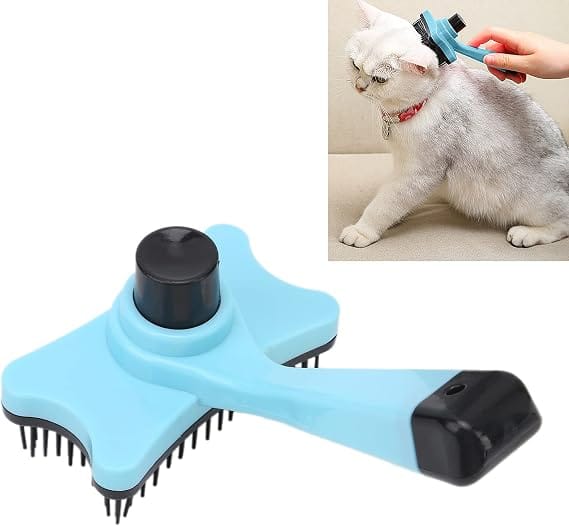 Nunbell Dog and cat Self Cleaning Slicker Brush for Cats and Dogs Light Blue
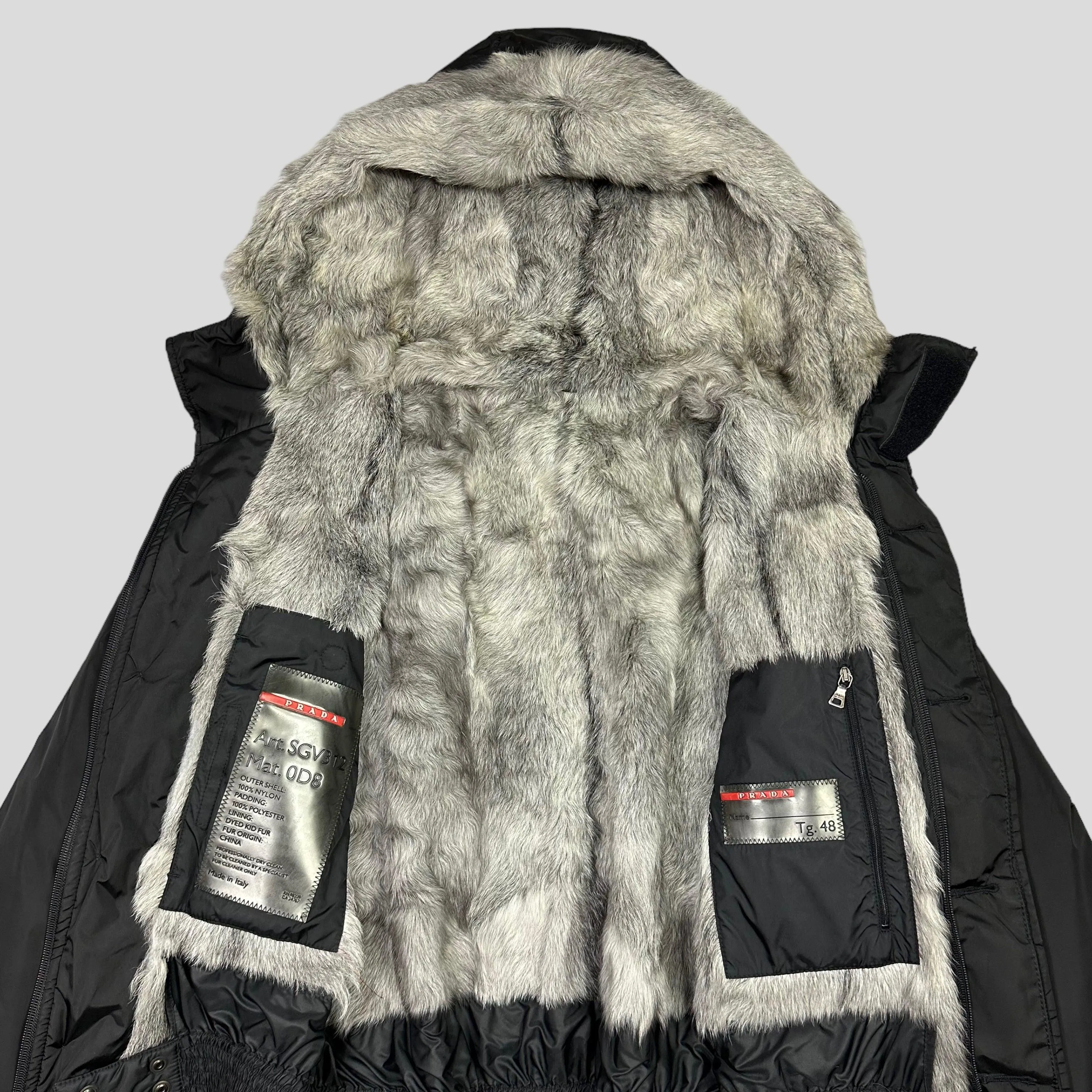 Prada Sport AW00 Goat Fur Nylon Technical Parka - L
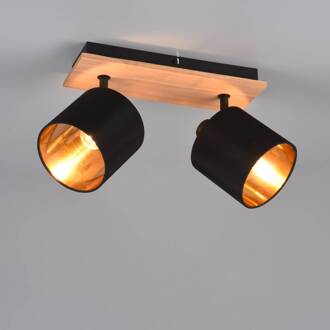 Tommy plafondspot, hout/zwart/goud, lengte 30 cm, 2-lamps. licht hout, zwart, goud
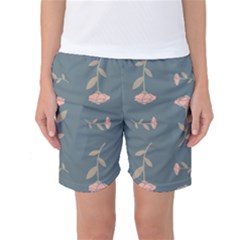 Florets In Grey Women s Basketball Shorts by WensdaiAmbrose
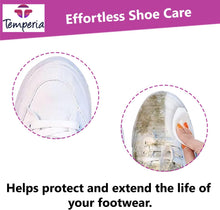 Load image into Gallery viewer, Comparison of clean and dirty shoes showcasing effective shoe care with Temperia products.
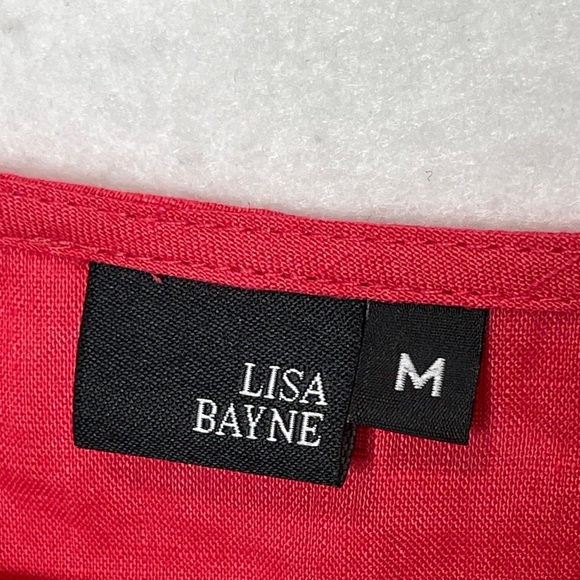 Lisa Bayne Watermelon Pink 100% Linen Top Folded Detail Size Medium Lagenlook - Picture 4 of 4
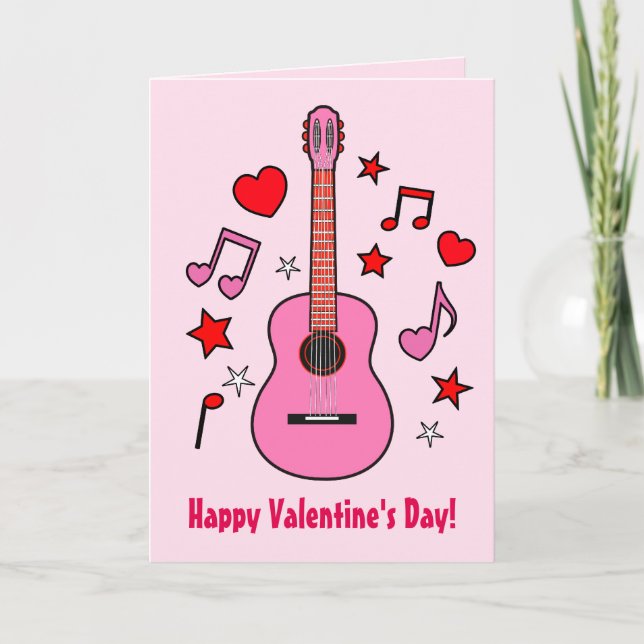 Musik Valentinstag mit Gitarre Feiertagskarte (Vorderseite)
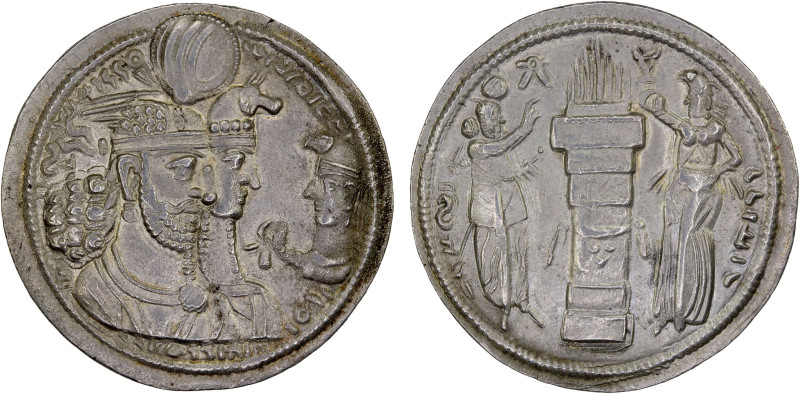 SASANIAN KINGDOM: Varhran II, 276-293, AR drachm (4.48g), G-68, bust of the king...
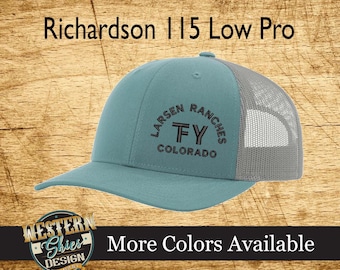 Richardson 115 Low Pro - Custom Embroidered Hat -Snapback - Livestock Brand Personalized- Farm and Ranch Custom Cap -Trucker Hat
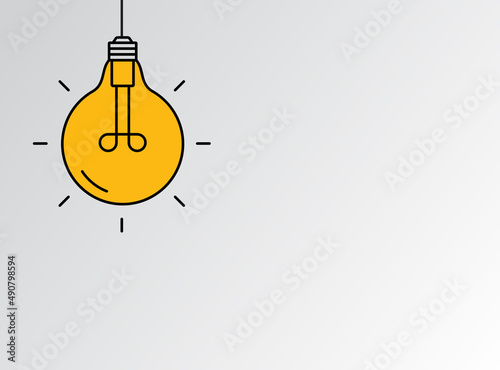 Creative Idea Line Icon. Lightbulb education, innovation logo. Illustration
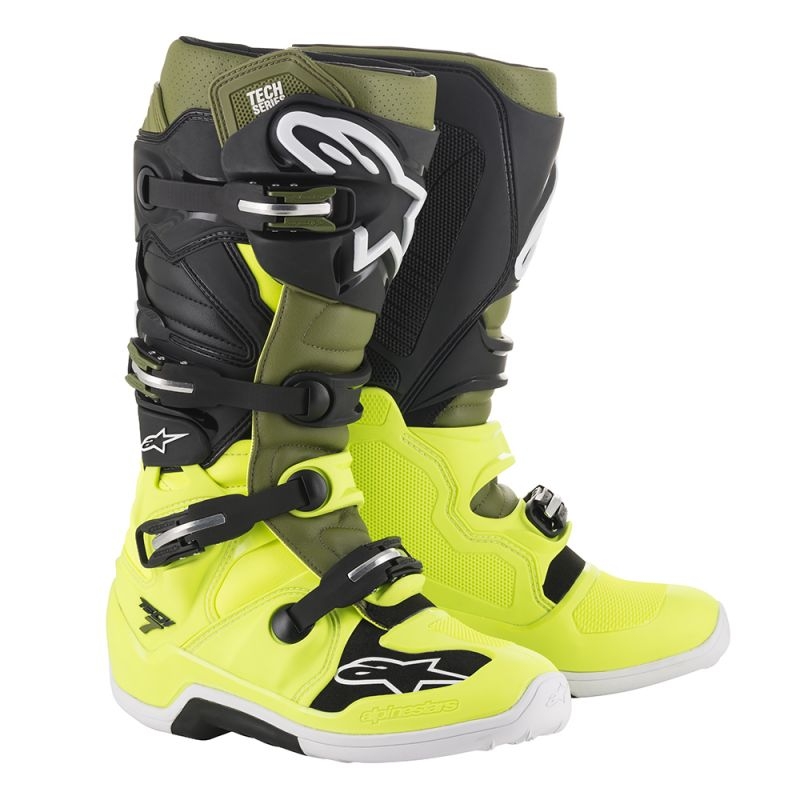 Alpinestars Tech 7 S Schwarz-Grün-Fluo Gelb Kinder-Motorradstiefel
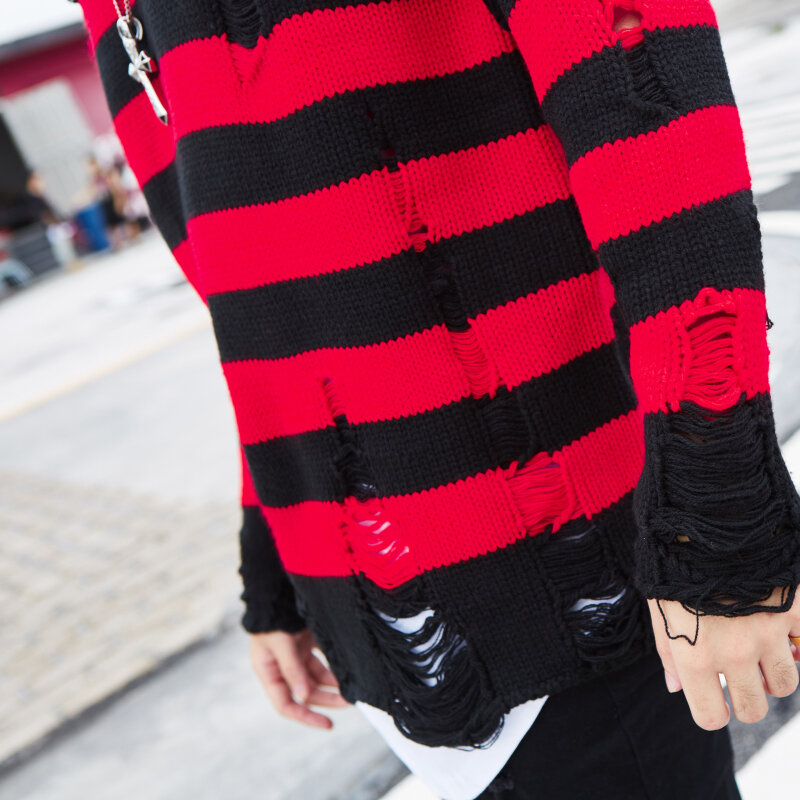 Black Red Striped Sweaters Washed Destroyed Ripped Sweater Men Hole Knit Jumpers Men Women Oversized Sweater Harajuku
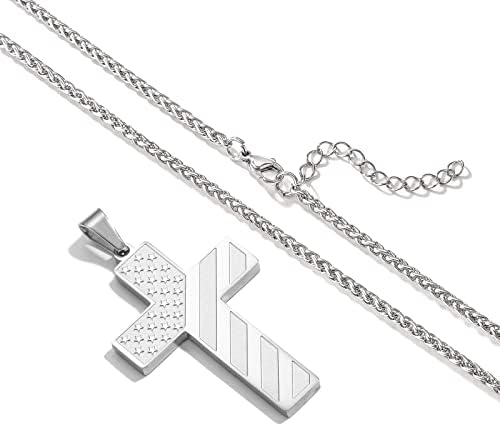 DuoDiner 18+2" Cross Necklace for Men Boys Christian Confirmation Gifts - Image 4
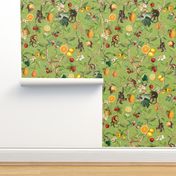 Monkeys Jungle Garden Party -  Antique moody floral Chinoiserie with climbing monkeys- Marie Antoinette Chinoiserie inspired- light green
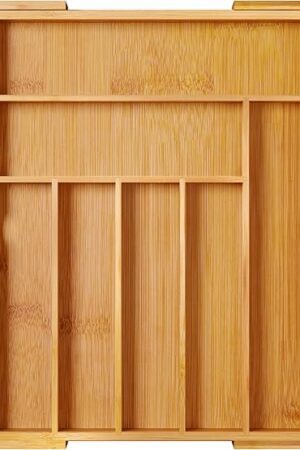 BAMEOS drawer organizer flatware organizer cutlery tray silverware organizer expandable adjustable bamboo drawer organizer kitchen bathroom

WHAT THE TASK ASKS
Reproduce the lines from the line containing "Monkeys Jungle Garden" through the end of the records above, exactly and inclusively, omitting pictures.

YOUR SOLUTION
 Monkeys Jungle Garden Party -  Antique moody floral Chinoiserie with climbing monkeys- Marie Antoinette Chinoiserie inspired- light green
 BAMEOS drawer organizer flatware organizer cutlery tray silverware organizer expandable adjustable bamboo drawer organizer kitchen bathroom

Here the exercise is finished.